Gathering these screen shots, I was impressed with the complexity of filming the greenhouse scene, with the actors hitting their marks among hanging plants, waist-high tables and benches overflowing with more potted plants, the camera dipping into deep blue shadows at one end of the greenhouse and piercing sunbursts at the other. Kaminski and Spielberg really capture the wonderful choreography of light found in all greenhouses. I have absolutely no need for one at all, but that doesn’t lessen my desire for a greenhouse in the least, where the fundamentals of light and warmth and the primacy of plants are on heightened display.
The actress in these scenes is Lois Smith. Based on the short story by Philip K. Dick. Directed by Steven Spielberg, an Amblin Entertainment
and Cruise /Wagner production, distributed by 20th Century Fox DreamWorks Pictures.
Ok, I’m in for this one. My favorite movie involving a greenhouse to this point is ‘Saving Grace’. Slightly different crops in that one. I have lots of theories on what film violence has done to the generation below us in terms of critical thinking—i.e., when I was a kid I could watch any movie I wanted to, and was exposed to great great films, and became discerning as a result. Now , it seems that adult themes and violence are in many of the best films, as a result children are stuck with Disney and sentimental pap.
Kathy, that is such an astute comment! MR does have some squeamish stuff but nothing gratuitous.
Never thought you’d be talking me into a night with Tom Cruise, one never knows where this plant obsession thing might lead. I’ll see about adding this one to the queue. As for the violence I’m still not sure Andrew’s gotten over my refusal to watch anymore of The Wire. Not just because of the violence but the way the femal characters were portrayed.
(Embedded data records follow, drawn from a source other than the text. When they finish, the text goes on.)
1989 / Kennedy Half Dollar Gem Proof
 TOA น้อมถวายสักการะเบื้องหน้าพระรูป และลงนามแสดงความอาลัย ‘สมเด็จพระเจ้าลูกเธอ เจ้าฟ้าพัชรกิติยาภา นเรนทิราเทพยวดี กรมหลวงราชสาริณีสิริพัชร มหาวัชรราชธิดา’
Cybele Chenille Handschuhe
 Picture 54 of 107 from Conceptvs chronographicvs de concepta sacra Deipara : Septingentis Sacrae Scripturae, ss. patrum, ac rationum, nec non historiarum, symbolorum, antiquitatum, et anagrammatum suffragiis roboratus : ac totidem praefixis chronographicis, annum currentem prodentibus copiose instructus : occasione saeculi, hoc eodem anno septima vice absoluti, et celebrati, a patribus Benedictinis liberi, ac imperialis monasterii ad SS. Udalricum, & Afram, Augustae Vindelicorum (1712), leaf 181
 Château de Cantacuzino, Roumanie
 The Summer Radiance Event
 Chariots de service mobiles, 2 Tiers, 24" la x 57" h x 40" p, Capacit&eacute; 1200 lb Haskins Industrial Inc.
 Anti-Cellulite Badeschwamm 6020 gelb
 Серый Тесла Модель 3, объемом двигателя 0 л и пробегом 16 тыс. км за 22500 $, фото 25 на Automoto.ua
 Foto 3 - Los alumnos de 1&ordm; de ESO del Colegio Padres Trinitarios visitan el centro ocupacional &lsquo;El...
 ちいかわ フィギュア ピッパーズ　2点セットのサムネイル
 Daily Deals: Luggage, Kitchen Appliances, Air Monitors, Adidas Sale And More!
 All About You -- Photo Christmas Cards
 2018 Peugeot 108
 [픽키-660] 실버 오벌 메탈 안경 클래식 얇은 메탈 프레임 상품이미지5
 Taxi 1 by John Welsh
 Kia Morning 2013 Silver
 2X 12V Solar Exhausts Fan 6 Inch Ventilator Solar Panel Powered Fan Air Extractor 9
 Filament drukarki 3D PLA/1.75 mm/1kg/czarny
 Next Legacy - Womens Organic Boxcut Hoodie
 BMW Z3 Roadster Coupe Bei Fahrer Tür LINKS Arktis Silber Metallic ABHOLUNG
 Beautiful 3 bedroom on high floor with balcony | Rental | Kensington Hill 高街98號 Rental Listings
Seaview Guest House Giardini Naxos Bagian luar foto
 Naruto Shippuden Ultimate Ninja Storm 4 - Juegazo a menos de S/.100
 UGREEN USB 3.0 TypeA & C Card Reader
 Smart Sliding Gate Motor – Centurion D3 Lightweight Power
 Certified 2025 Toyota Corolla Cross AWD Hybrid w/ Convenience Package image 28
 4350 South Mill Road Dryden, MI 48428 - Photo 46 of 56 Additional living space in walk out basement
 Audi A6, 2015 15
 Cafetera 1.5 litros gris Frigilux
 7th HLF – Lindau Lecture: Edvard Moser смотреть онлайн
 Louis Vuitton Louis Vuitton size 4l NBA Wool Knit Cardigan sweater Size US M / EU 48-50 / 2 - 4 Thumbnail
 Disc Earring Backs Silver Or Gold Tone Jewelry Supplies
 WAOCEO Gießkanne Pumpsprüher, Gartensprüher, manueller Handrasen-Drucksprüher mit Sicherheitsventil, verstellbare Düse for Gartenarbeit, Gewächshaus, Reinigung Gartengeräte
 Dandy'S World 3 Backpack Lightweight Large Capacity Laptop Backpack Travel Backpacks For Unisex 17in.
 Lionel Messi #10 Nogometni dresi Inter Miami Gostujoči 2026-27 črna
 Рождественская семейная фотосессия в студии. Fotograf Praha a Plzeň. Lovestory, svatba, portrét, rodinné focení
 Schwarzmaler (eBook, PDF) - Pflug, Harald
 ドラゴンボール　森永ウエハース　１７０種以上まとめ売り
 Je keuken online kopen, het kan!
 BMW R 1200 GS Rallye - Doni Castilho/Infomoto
I’ve never seen this on but will have to put it on my list. So wish I had a greenhouse!
Because I can’t watch graphic violence and am not terribly interested in PG-13 romantic comedies, I stopped watching movies years ago for the reasons Kathy states. For the most part I don’t miss them but every so often I see one that looks interesting but then hear it’s full of violence and have to scratch it off the list.
Reading your comments, I’m thinking….hmm, and movie ticket sales were terrible this summer.
I will have to rewatch this one. I remember I liked it a lot when it came out, in spite of it containing Tom Cruise. I wonder where the location was; I know they did some filming at Descanso.
I watched “Fargo” on AMC the other day, and enjoyed it because a lot of the violence was edited out.
Hoov, I have this discussion with my youngest son all the time. He finally talked me into Django Unchained which I’d been avoiding. And turns out in that instance, the violence was probably essential. Brutal but essential, I suppose.
Beautiful screen shots. I love the door. That chippy paint and aged hardware is very cool.